When the word "File" shows up in a line of the records below, copy that line.
━━ Data for the task
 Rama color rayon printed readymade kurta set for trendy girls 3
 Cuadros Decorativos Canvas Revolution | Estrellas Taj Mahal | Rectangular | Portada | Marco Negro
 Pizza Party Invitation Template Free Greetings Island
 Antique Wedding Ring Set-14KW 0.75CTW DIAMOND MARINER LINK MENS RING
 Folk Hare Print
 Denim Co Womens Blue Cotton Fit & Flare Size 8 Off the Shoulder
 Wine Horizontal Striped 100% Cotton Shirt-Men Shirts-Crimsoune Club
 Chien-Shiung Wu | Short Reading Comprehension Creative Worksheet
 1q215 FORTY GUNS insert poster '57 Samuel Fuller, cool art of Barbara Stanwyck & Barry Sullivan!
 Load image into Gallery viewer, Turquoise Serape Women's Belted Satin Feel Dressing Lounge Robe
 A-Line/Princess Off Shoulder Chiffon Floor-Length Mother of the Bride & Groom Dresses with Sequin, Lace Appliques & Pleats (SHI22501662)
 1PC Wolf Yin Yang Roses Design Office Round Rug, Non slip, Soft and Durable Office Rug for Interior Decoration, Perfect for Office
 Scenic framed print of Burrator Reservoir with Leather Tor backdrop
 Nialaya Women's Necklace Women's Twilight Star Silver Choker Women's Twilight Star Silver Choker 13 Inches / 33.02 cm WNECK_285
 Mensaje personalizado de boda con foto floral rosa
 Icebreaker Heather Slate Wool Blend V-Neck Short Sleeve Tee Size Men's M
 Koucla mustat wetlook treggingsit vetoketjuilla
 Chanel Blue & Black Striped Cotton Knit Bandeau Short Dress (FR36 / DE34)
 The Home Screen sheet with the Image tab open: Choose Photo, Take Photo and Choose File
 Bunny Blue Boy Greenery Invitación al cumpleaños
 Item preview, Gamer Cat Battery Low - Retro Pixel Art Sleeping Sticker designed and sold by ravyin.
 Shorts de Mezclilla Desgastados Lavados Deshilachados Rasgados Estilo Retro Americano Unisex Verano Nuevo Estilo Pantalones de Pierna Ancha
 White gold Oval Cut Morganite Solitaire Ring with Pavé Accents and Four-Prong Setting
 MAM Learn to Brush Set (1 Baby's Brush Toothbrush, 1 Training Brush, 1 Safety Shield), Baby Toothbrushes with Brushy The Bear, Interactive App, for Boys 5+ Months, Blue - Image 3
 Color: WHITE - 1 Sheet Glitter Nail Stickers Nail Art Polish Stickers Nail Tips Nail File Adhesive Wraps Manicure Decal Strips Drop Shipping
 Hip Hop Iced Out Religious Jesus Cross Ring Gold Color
━━━━
## Your response
 The Home Screen sheet with the Image tab open: Choose Photo, Take Photo and Choose File
 Color: WHITE - 1 Sheet Glitter Nail Stickers Nail Art Polish Stickers Nail Tips Nail File Adhesive Wraps Manicure Decal Strips Drop Shipping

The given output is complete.